If you notice your child’s toes start to curl with prominent bumps at the joints, they may have hammertoes or claw toes. These usually occur from changes to the joints in the toes and may occur as a result of pressure from tight footwear.
What are the symptoms?
Often, curly toes will not cause any painful symptoms, just the visible curling of the toes. Sometimes, curly toes may cause discomfort and changes to the skin or nails, like corns, callus, blisters, thickening or distortion to the shape and appearance of the nail. The changes may make it difficult to wear some types of footwear.

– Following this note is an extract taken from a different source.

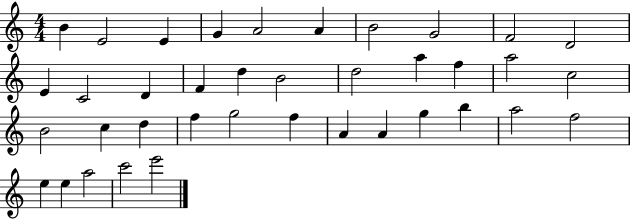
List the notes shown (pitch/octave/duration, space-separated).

B4/q E4/h E4/q G4/q A4/h A4/q B4/h G4/h F4/h D4/h E4/q C4/h D4/q F4/q D5/q B4/h D5/h A5/q F5/q A5/h C5/h B4/h C5/q D5/q F5/q G5/h F5/q A4/q A4/q G5/q B5/q A5/h F5/h E5/q E5/q A5/h C6/h E6/h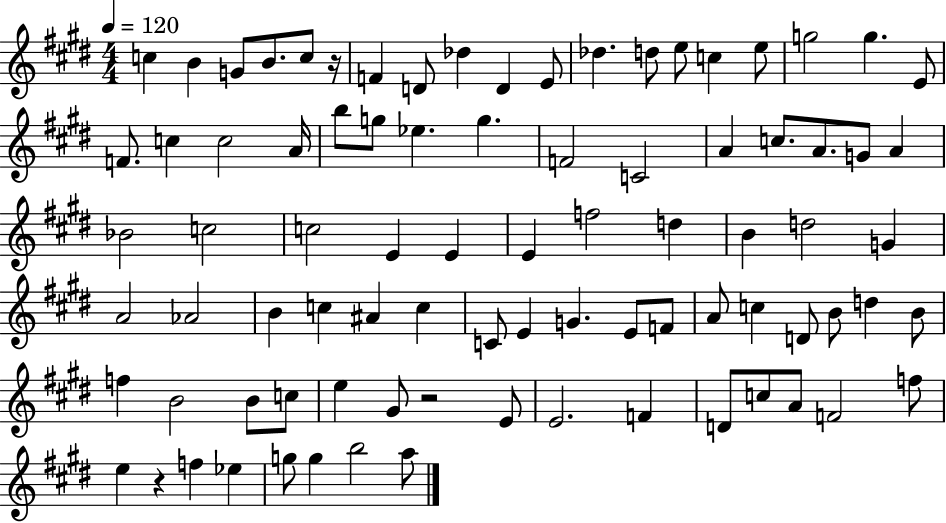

How are curly toes treated?
If your child is not experiencing any symptoms, treatment is typically not indicated. You can help by choosing shoes for your child that have a wide toe-box, so that nothing is pushing against the ends of the toes. Up to the age of five, toes may also change shape significantly. Studies have shown that 25% of curly toes may resolve on their own 
If your child is experiencing pain or other symptoms, bring them in to see us. We’ll perform an assessment to understand the best ways to relieve the painful symptoms and implement strategies to reduce the likelihood of them from coming back. We always look at non-surgical treatment options first, like stretching and toe-props.
In very rare cases, we may refer you to an orthopaedic surgeon for an assessment.
1 – Sweetham R. Congenital curly toes: An investigation into the value of treatment. Lancet 1958; 2(7043): 398-400.